Donahue v. Phillips Petroleum Co.

ROSS, Senior Circuit Judge,

dissenting.

I respectfully dissent. The majority holds that Phillips’ duty to warn the Dona-hues was properly submitted to the jury. It reaches this conclusion despite the fact that Phillips sold its product in huge storage tanks to Williams Pipeline; despite the fact that Williams Pipeline had been in the propane business for more than thirty years, had sophisticated chemists on its staff who knew that hydrocarbons (of which ethyl mercaptan is one) had a tendency to oxidize, and possessed material safety data sheets furnished by Phillips listing oxidizing materials incompatible to ethyl mercaptan as part of an employee safety manual; and despite Ronald Donahue’s testimony that he smelled a fleeting “faint whiff” of what he identified as LP gas on the stairs to the basement of the farmhouse the day before the explosion. I cannot agree that the bulk supplier/learned intermediary doctrine does not apply in Missouri and would reverse and remand the case with directions to submit Phillips’ tendered instruction D to the jury.

Other jurisdictions have applied the bulk supplier/learned intermediary defense in this situation. See Parkinson v. California Co., 255 F.2d 265, 268-69 (10th Cir.1958) (defendant manufacturer’s evidence, inter alia, that literature and trade publications read by or available to propane retailers contained information on chemical reaction sufficient where retailers knew, or in the exercise of reasonable diligence should have known, that reaction could possibly destroy propane’s odor); Jones v. Hittle Serv., Inc., 219 Kan. 627, 549 P.2d 1383, 1394 (1976) (where product is sold in bulk, manufacturer fulfills duty to ultimate customer when he ascertains that distributor is adequately trained, is familiar with properties of gas and safe methods of handling, and is capable of passing on his knowledge to customers); Hendrix v. Phillips Petroleum Co., 203 Kan. 140, 157, 453 P.2d 486, 499 (1969) (it was Phillips’ duty to ascertain that intermediary had been instructed to extent that it had reasonable knowledge under the circumstances, including ability to give appropriate advice to customers).

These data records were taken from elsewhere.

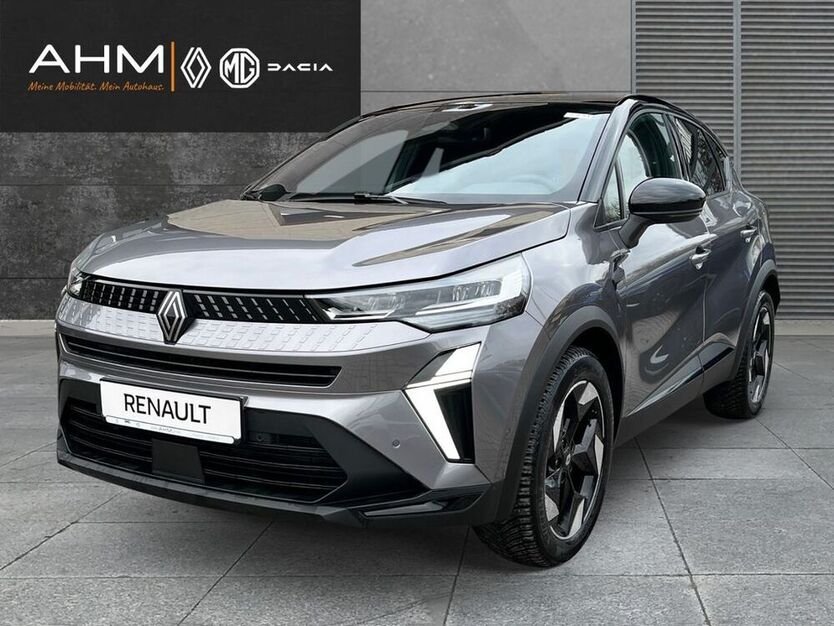 Captur
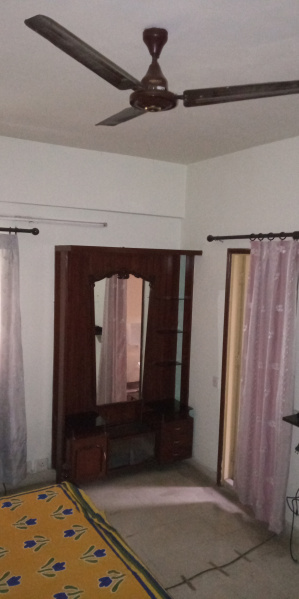 Additional image 3 of Ajoy Nagar, Kolkata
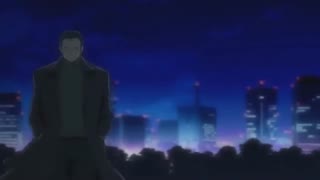 انیمه kaze no stigma opening. اوپنینگ(ویدئو قبلیش پاک شد)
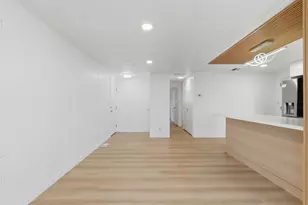200 Burnett Ave 105, Morgan Hill, CA 95037 - Photo 5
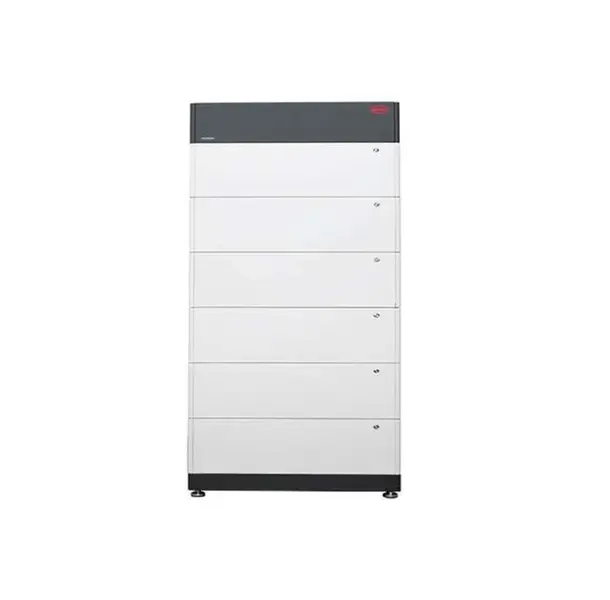 Photovoltaik Stromspeicher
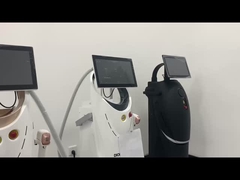 ΝΕΟ ΔΙΟΔΙΚΟ ΛΑΣΕΡ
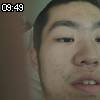 09時45分 ごろ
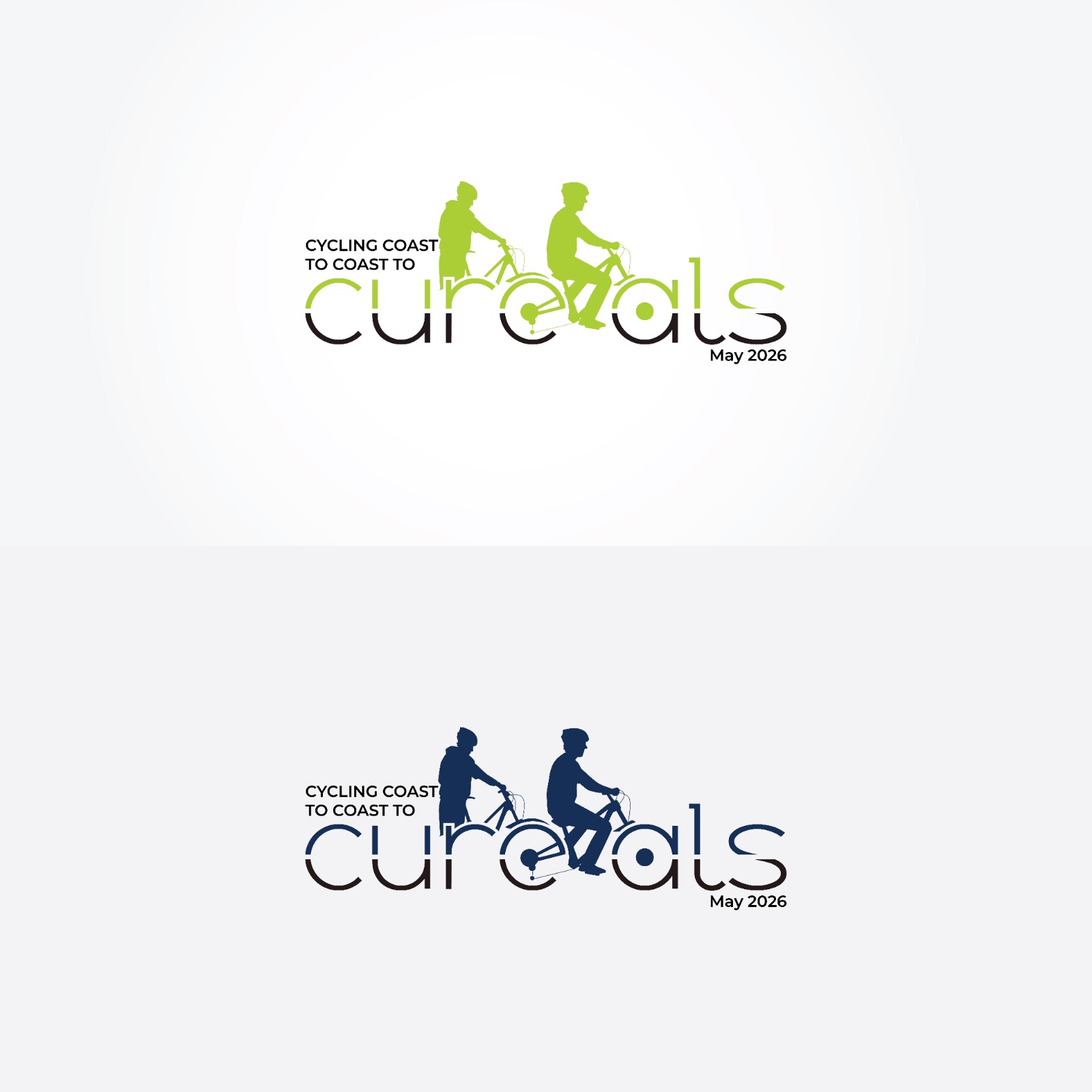 Logo Design by Titan Solbiz for this project | Design #35139374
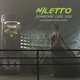 Музыка Niletto - Someone Like You (Lavrushkin & Tomboo Remix)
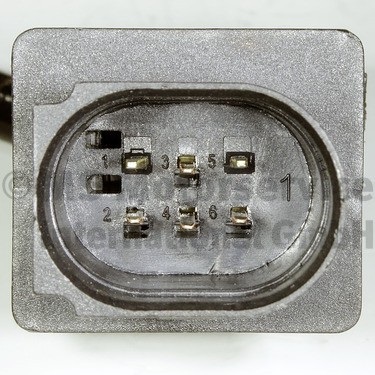 PIERBURG 7.02604.99.0 EAN: 4028977705953.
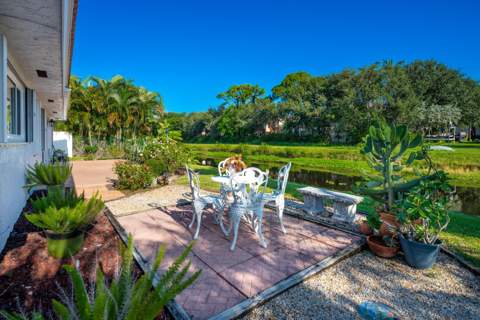 1315 SW 25th Avenue, Boynton Beach FL - photo 12 of 43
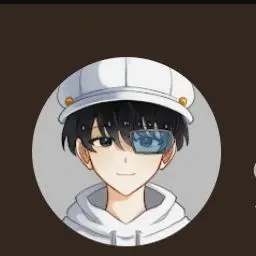 Profile image of 크쀠
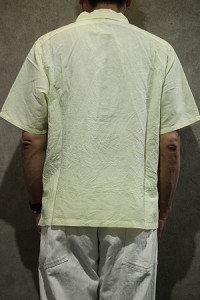 cs011s-025-ye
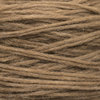 Undyed / Natural brown 7 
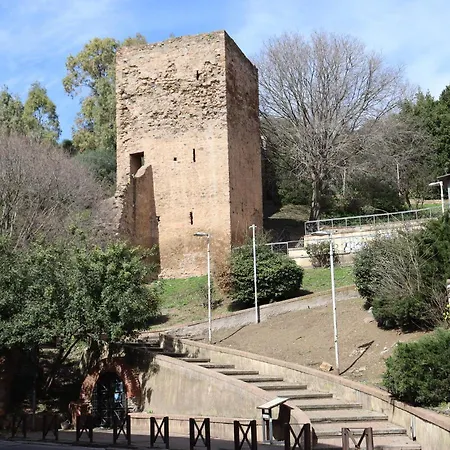 Casa - Iglehouse - Parking Nearby Appartamento *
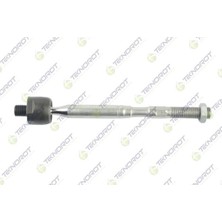 Teknorot Depomix Rot Kolu Sağ-Sol Toyota R4 2.0l 1AZ-FE ACA30 06-12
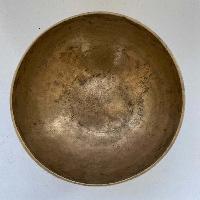 thumb1-Kopre Singing Bowls-25070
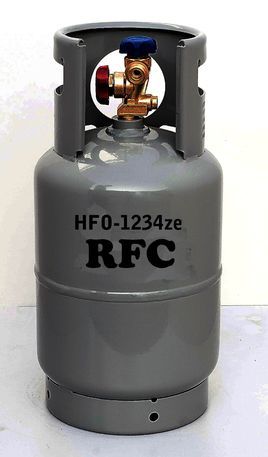 HF0-123<font color='red'>4YF</font>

Because the gas was shipped in bulk, rather than individual units, it was obviously impossible for Phillips to affix a warning to the product which would reach the ultimate customer. The bulk wholesaler has no way of telling who the ultimate purchaser might be, and has no package on which to endorse any warning. Phillips cannot be held liable for its intermediary’s failure to *1015take advantage of, use, or impart to others information already within the intermediary’s knowledge. Hence, Phillips’ duty stopped with its vendee, Williams Pipeline. As a manufacturer, Phillips owes no duty to warn the ultimate customer and further, its failure to do so does not render the product defective. This is especially true when, as in this case, the plaintiff did not even purchase the gas but moved into a vacant house, the former tenants of which had purchased the gas from a dealer supplied by Williams.

Finally, I note that a warning that propane may be odorless in some circumstances would have had no effect here as Ronald Donahue actually smelled the gas in the area a day earlier.

Regardless, I submit that since it was impossible for Phillips to make the product carry its own message, whether or not Phillips was delinquent in training its distributor Williams Pipeline, should have been submitted to the jury as Phillips’ tendered instruction D.